Gitmo running smoothly amid protests and lawsuits
The Pentagon announced a new chief prosecutor for the military tribunal trials at Gitmo on Tuesday. Army Brigade General Mark Martins will take over the job in October after leaving his current position in Afghanistan. Meanwhile, some of the former inmates of the infamous detention facility are seeking justice for what has been done to them in the name of the War on Terror.
Murat Kurnaz was arrested in the street and sent to Guantanamo Bay for torture. After five years, America released him without charge. To this day, the US has given no explanation or said sorry.
Kurnaz is suing George W. Bush's lawyer Alberto Gonzales, for ruling torture legal. Interrogators from the "land of the free" are free to cause “simulated drowning, rape by instrumentality, impairment of bodily function, organ failure and even death.”
“I was one of those who survived that kind of torture. On me they used electroshocks, because I would not sign papers. I was forced to agree that I was member of the Taliban and Al-Qaeda and I said I am not,” Kurnaz says.
The US refused to even reveal they were holding Kurnaz. His mother asked this lawyer Bernhard Docke to find her son. It took several years.
“There was no chance to get in contact with Mr. Kurnaz. It’s really a shame for the United States. What happened in Guantanamo is torture concerning international law. And it’s simply impossible in the 21st Century to put someone in an extralegal room and say ‘you have no rights,’” Kurnaz pointed out.
President Bush fought moves to end the practice.

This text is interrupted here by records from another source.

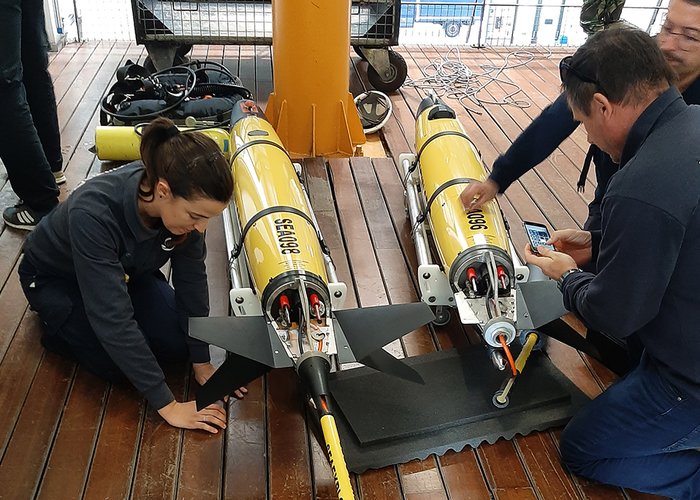 Feliz dia de S. Valentim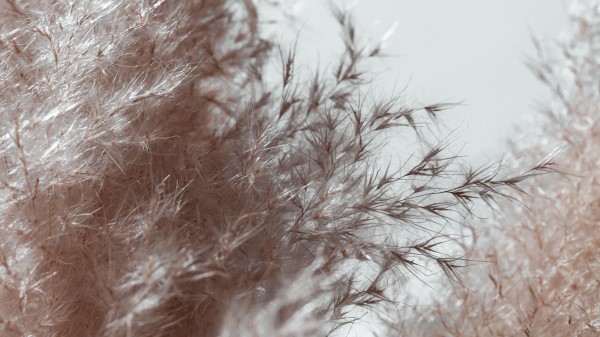 Plant Spikelets Fluffy Wallpaper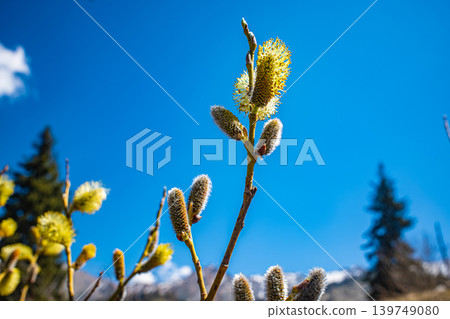 Willow catkin buds blooming on branch against clear blue sky 139749080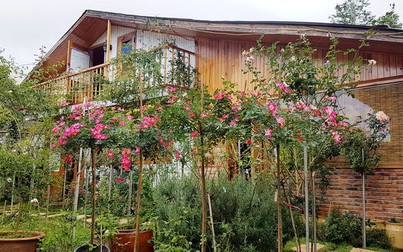 Ngôi nhà hoa hồng rộng 4.000 m2 tuyệt đẹp ở Đà Lạt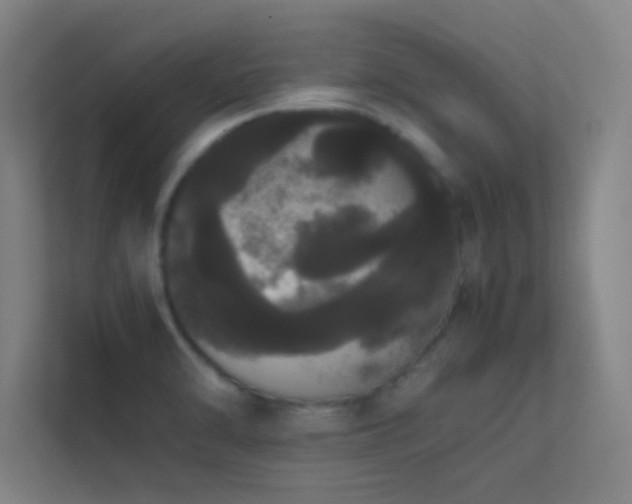 X0000113851470200909241237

“They are imposing a set of standards on our intelligence communities in terms of interrogating prisoners that our people think will be ineffective,” he said in 2008, as he was threatening to veto a bill which would ban the use of waterboarding and other forms of torture.
In a declassified memo, Gonzales did warn US guards it was legally safer to perform torture on foreign soil.

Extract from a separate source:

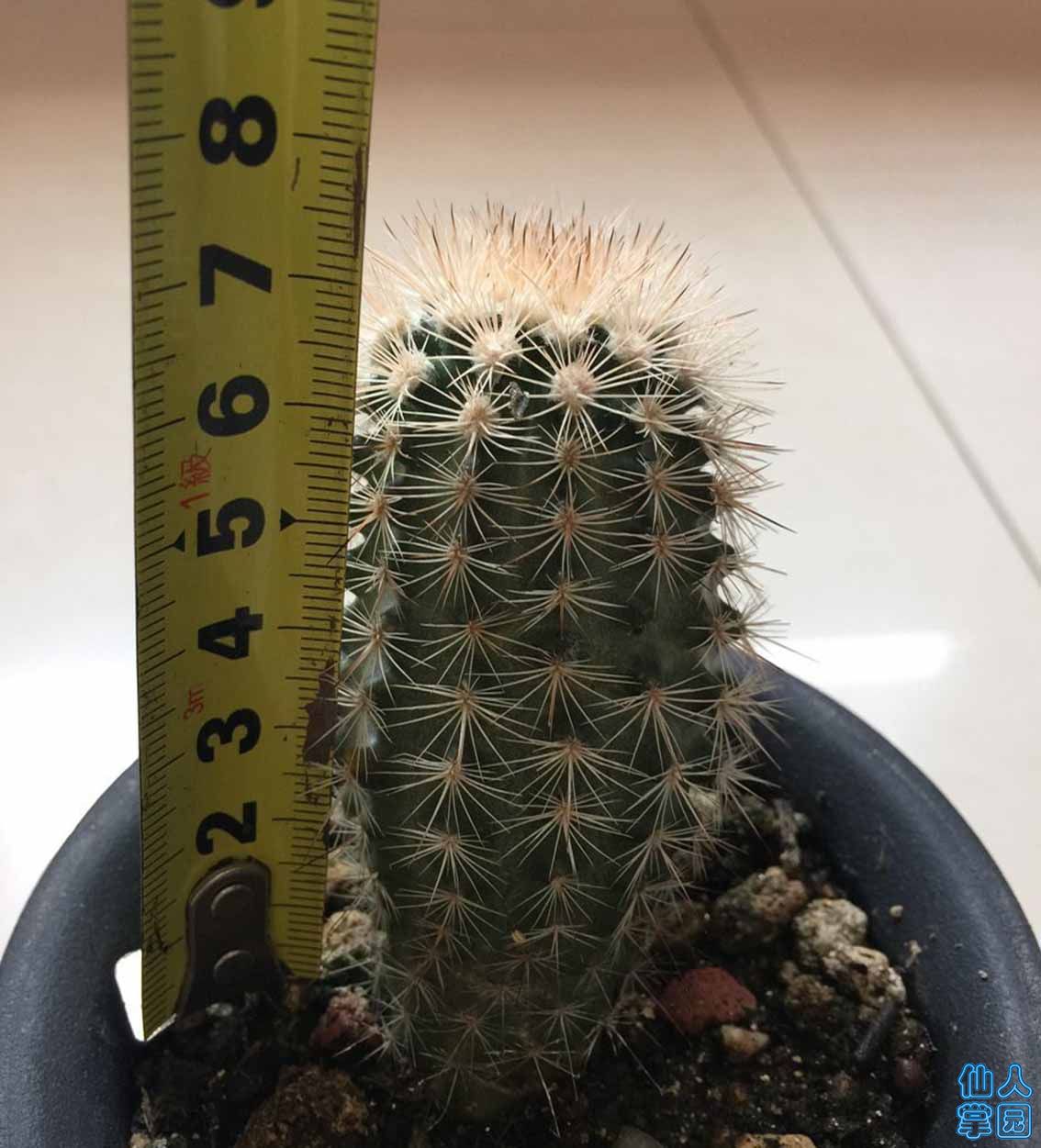 QQͼƬ20180513160914.jpg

Ministers in the European Union were glad to oblige. At a meeting at NATO headquarters in Brussels in October 2001, the EU agreed to help arrest and transport people to countries where they could be tortured. Detainees may or may not have been terrorists, since they never faced trial we just cannot be sure.
Barack Obama was elected on the promise to shut Guantanamo. But he has even appealed US court rulings which give detainees some rights. Two years on, the prison is still open for business.
“Not only is the Bush administration guilty of crimes against humanity, so is the Obama administration and so is the European Parliament for participating in and supporting these actions,” believes historian Alan Singer, Professor at Hofstra University.
US executives, from Bush to further down the ladder, now fear going abroad, after foreigners filed lawsuits over torture. When the world learns what America is doing, said Bush's advisor, we will all be ashamed.
Meanwhile, the UK and the US signed a secret memorandum in 2008 on the treatment of prisoners, which indicates that the British Ministry of Defense did not track the fate of the captives they handed over to the Americans, which opened the door for prisoner abuse, The Guardian newspaper reported on Thursday.
Cori Crider, legal director of the UK-based charity “Reprieve”, which acts on behalf of Guantanamo Bay detainees, says Britain is the one European nation most marred by association with illegal detention and mistreatment of prisoners by the US.
“I think it’s one of the saddest parts of the whole War on Terror story – the way various European nations were kind of willing or unwilling handmaidens of the US torture practices. We know about CIA secret prisons in Poland, Romania and Lithuania. The UK is the US’ closest ally, let’s be clear. And we saw time and again in the War on Terror the UK getting a bit too close to the illegality of George Bush and his cronies,” she told RT.
British Labour Party MP and peace activist Jeremy Corbyn says that despite the close ties between the two countries, the UK had no excuse for allowing prisoners to be sent to the US for torture.
“There is an extraordinary close military security and foreign policy relationship between Britain and the United States,” he said. “We have the sharing of security information – and I suspect it was quite willingly done by members of the security forces in Britain, who sees themselves as being very close to United States. My view is that every country should assert its right to its own independent policy, and that means that if you believe your partner in your foreign policy relationship is doing something wrong – imprisoning people illegally, torturing them, taking them illegally to Guantanamo Bay, as it is done by the US, then you should say so. And I think it is quite appalling. Waterboarding and torture are completely illegal in Britain, and completely illegal in the terms of the United Nations convention on torture. My suspicion is that the British security services were happy to keep quiet about the extraordinary rendition, happy that these poor people should end up in US jurisdiction where they are being tortured.”